Marrigje Rikken, Head of collections of the Frans Hals Museum, Haarlem: Wonderful how Elisa Pesapane’s visits as a little girl to the Frans Hals Museum and to the 18th century doll’s house of Sara Rothé, later inspired her as an artist to create new work. Just as Sara transformed old 17th century doll’s houses into a new one of which the text on its pennon sheds a light on life in a metaphorical sense, Elisa Pesapane has found a new form to capture the life and work of a fellow artist in images.
In doing so, she innovatively gives account of a fine tradition of transmission and contemplation”

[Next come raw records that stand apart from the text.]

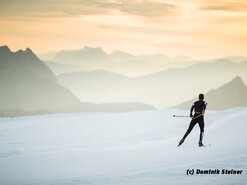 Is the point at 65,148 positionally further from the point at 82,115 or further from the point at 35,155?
the point at 82,115

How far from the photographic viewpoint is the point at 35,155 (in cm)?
1210

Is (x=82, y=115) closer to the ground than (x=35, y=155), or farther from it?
farther from it

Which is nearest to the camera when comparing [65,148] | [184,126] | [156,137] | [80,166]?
[80,166]

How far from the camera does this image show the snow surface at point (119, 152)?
8.78m

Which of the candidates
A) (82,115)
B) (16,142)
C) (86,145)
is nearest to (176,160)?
(86,145)

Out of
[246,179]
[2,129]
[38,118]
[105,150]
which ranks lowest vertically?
[246,179]

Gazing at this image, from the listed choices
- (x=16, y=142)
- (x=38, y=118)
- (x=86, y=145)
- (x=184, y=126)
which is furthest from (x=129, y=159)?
(x=38, y=118)

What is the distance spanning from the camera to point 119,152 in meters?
12.1

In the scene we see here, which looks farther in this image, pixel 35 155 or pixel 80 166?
pixel 35 155

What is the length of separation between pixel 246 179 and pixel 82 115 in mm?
18123

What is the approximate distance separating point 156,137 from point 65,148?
5.23 meters

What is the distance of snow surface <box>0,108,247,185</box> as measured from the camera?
878cm

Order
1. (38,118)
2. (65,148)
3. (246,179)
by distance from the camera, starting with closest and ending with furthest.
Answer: (246,179)
(65,148)
(38,118)

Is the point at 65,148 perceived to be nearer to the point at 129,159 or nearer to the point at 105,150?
the point at 105,150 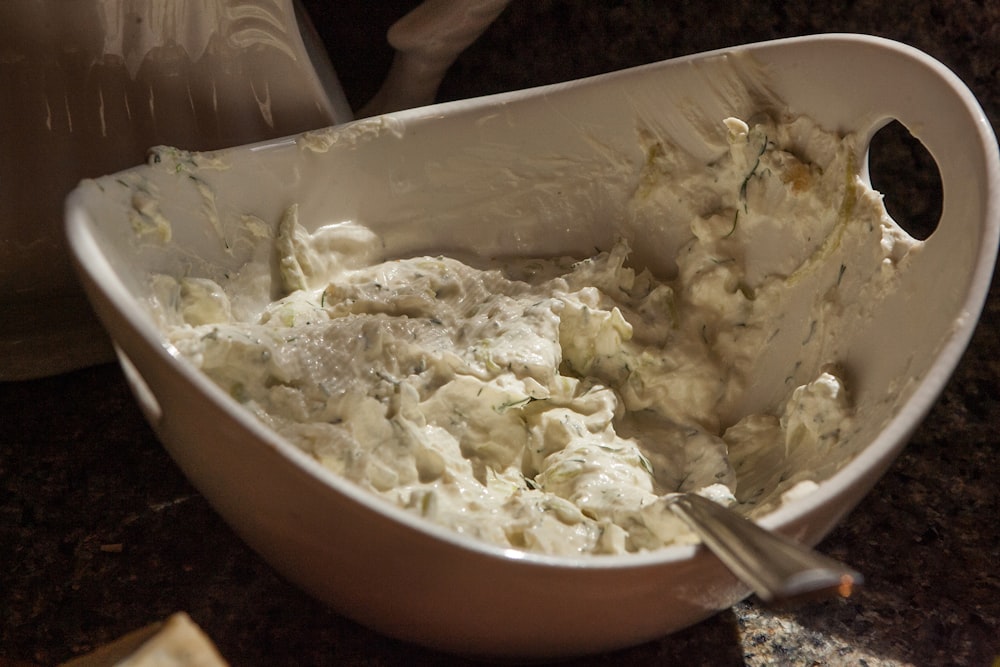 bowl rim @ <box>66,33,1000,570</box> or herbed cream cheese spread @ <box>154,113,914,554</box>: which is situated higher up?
bowl rim @ <box>66,33,1000,570</box>

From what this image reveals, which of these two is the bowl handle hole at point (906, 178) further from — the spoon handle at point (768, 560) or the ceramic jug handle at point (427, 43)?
the spoon handle at point (768, 560)

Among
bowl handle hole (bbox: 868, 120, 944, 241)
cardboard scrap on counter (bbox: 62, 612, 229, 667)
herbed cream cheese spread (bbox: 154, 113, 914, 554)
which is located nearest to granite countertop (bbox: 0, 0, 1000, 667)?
bowl handle hole (bbox: 868, 120, 944, 241)

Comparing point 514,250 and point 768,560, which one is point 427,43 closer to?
point 514,250

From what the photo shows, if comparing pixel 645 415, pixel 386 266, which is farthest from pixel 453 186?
pixel 645 415

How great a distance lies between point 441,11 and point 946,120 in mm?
451

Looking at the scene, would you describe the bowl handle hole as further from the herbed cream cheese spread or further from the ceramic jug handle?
the ceramic jug handle

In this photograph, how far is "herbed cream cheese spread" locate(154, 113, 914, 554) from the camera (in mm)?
656

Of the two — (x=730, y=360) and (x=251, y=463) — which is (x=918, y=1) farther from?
(x=251, y=463)

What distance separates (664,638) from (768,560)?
10.6 inches

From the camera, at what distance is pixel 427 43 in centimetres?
91

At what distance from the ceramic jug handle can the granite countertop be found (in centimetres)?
25

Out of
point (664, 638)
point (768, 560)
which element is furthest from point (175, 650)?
Answer: point (664, 638)

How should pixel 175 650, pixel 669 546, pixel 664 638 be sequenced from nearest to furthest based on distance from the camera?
pixel 175 650
pixel 669 546
pixel 664 638

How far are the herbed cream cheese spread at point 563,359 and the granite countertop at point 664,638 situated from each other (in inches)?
4.8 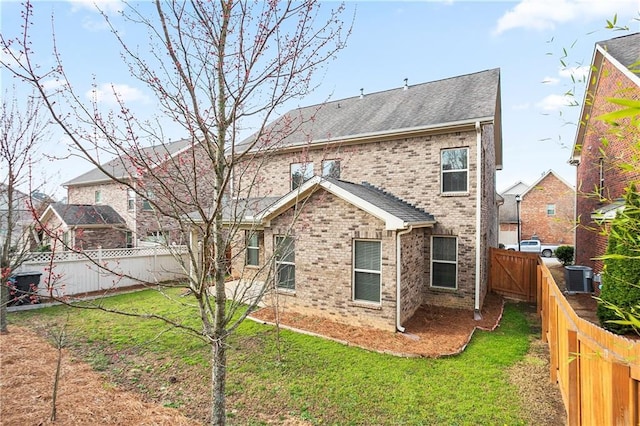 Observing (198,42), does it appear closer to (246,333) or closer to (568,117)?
(568,117)

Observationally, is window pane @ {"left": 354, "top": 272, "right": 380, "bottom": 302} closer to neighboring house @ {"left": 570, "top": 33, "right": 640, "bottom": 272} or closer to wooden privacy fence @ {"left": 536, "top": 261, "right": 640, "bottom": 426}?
wooden privacy fence @ {"left": 536, "top": 261, "right": 640, "bottom": 426}

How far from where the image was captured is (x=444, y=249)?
10.6m

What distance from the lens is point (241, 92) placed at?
336cm

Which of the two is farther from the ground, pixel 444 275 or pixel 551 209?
pixel 551 209

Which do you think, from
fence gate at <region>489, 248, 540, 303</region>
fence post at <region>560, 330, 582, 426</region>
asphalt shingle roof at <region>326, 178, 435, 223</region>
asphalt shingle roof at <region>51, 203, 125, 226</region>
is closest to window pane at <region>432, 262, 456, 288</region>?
asphalt shingle roof at <region>326, 178, 435, 223</region>

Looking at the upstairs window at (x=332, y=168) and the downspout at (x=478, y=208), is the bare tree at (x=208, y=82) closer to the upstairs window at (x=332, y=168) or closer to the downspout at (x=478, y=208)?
the downspout at (x=478, y=208)

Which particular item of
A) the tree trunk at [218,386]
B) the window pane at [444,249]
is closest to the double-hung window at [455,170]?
the window pane at [444,249]

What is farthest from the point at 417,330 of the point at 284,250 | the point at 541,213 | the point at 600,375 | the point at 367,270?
the point at 541,213

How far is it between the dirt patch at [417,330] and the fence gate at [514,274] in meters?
2.06

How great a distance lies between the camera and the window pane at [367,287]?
8.52 m

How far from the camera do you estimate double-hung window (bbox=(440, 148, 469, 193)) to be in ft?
33.1

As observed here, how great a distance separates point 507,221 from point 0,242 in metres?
37.5

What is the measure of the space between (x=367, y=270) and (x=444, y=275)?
341 centimetres

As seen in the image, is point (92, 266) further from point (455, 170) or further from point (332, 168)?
point (455, 170) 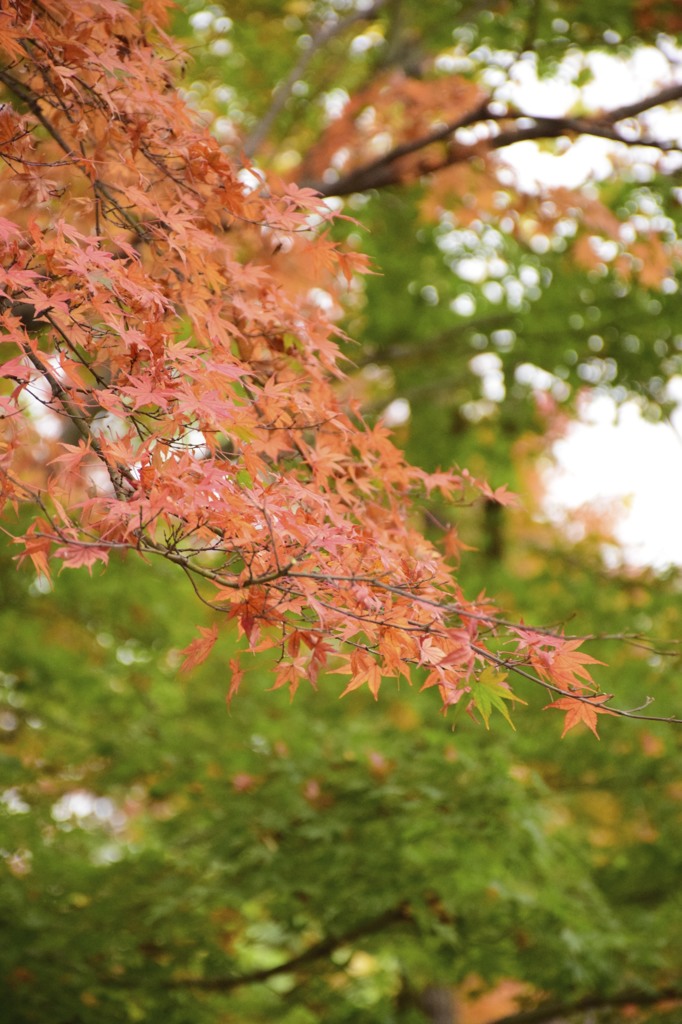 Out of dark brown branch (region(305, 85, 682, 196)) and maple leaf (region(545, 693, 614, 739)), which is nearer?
maple leaf (region(545, 693, 614, 739))

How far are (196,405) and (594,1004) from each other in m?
3.75

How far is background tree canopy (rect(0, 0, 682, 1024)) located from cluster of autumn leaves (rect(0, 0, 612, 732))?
1.03 feet

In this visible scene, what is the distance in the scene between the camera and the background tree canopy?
3.78 meters

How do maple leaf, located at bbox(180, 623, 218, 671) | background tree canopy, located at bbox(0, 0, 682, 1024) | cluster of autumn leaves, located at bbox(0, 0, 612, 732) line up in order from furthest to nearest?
background tree canopy, located at bbox(0, 0, 682, 1024) < maple leaf, located at bbox(180, 623, 218, 671) < cluster of autumn leaves, located at bbox(0, 0, 612, 732)

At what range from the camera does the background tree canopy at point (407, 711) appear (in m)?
3.78

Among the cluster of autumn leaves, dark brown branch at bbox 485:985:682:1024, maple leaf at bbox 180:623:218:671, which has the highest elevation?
the cluster of autumn leaves

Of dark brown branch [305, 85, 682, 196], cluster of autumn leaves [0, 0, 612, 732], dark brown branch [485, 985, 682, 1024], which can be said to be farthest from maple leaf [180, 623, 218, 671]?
dark brown branch [485, 985, 682, 1024]

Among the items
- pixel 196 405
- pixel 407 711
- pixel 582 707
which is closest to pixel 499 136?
pixel 196 405

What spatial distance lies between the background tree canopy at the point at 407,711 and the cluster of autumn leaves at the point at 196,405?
0.31 meters

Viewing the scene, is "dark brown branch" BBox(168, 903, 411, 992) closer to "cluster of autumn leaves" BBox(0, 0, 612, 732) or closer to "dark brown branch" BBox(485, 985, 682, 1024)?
"dark brown branch" BBox(485, 985, 682, 1024)

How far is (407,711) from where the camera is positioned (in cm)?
646

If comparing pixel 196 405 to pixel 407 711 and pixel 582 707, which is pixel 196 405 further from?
pixel 407 711

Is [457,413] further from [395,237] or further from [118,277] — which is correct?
[118,277]

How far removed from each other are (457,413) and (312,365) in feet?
15.4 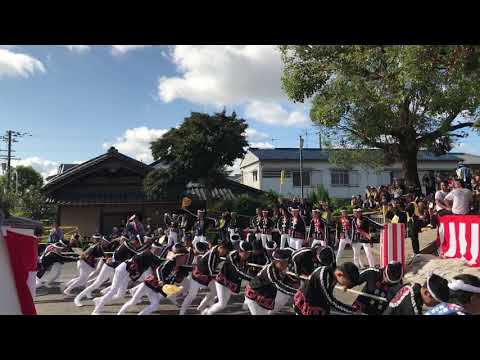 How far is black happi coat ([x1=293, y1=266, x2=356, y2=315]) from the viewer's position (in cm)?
437

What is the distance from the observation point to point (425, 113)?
1375cm

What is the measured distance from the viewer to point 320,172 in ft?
91.8

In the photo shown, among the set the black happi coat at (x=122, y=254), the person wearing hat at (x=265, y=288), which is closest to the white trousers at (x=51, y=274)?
the black happi coat at (x=122, y=254)

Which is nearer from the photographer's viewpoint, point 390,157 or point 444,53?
point 444,53

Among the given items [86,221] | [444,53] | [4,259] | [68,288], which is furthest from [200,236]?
[4,259]

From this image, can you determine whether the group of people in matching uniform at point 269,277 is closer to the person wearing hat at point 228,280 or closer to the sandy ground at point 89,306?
the person wearing hat at point 228,280

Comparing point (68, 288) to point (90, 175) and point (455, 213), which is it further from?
point (90, 175)

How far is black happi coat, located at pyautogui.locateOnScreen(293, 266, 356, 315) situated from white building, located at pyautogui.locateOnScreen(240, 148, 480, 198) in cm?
2272

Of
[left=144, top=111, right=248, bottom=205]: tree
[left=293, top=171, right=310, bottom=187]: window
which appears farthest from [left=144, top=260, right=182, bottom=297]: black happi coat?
[left=293, top=171, right=310, bottom=187]: window

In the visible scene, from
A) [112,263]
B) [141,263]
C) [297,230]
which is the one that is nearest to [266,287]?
[141,263]

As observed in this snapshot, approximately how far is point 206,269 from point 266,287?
1.68 metres

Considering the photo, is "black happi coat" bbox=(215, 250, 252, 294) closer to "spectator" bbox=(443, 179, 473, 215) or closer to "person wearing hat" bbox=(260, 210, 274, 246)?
"spectator" bbox=(443, 179, 473, 215) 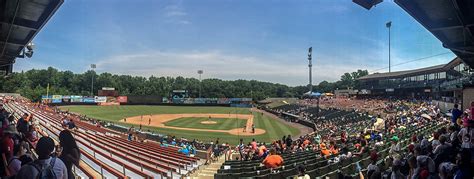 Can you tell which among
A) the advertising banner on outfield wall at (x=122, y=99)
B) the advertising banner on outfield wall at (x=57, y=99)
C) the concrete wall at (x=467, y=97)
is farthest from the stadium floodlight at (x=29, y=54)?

Triptych and book In ‘Love after Auschwitz’, triptych and book by Elisa Pesapane, the spectator and reader are taken on a journey through the first 50 years of the life and work of Arnon Grunberg. The dialogue between Pesapane and himself, her study of his work and her meetings with the models form the building blocks for the project.
Arnon Grunberg provided the title and his life and work became Pesapane’s material. Together they compiled a list of people who already had played a role in his literary work and were to become, including Arnon himself, Elisa Pespane’s characters.
Commenting on ‘Love after Auschwitz’, Wim Weijland, director of the Rijksmuseum van Oudheden , said:“With ‘Love after Auschwitz’, Elisa Pesapane has created a totally new genre. It is not the portrait of a an author but rather a visual biography of the life and work of a great author. Together Pesapane and Grunberg -two outstanding storytellers- give shape to a totally new story in which the spectator is taken on a journey between reality and fantasy.”
Image: Detail of ‘Love after Auschwitz’, beneath mother and son waving goodbye from the train on the closed outer panels of the triptych lies the ‘Marionette theatre of war’.
The book and user manual for the triptych
Grunberg stimulated Pesapane to put down in words her travels and tell the stories of the meetings with all the models for the project. These reports show how thin the line between reality and fantasy can become when a storyteller pays you a visit.
The book Liefde na Auschwitz Op reis met de verslinders en verslondenen van Arnon Grunberg (Love after Auschwitz. A journey with the devoured and the devourers of Arnon Grunberg) is a miniature version of the triptych (including a legend of all the characters), inside this miniature triptych lies a book, the user manual for the painting with an epilogue written by Arnon Grunberg.
The book is designed by Yolanda Huntelaar / Werkplaats Amsterdam.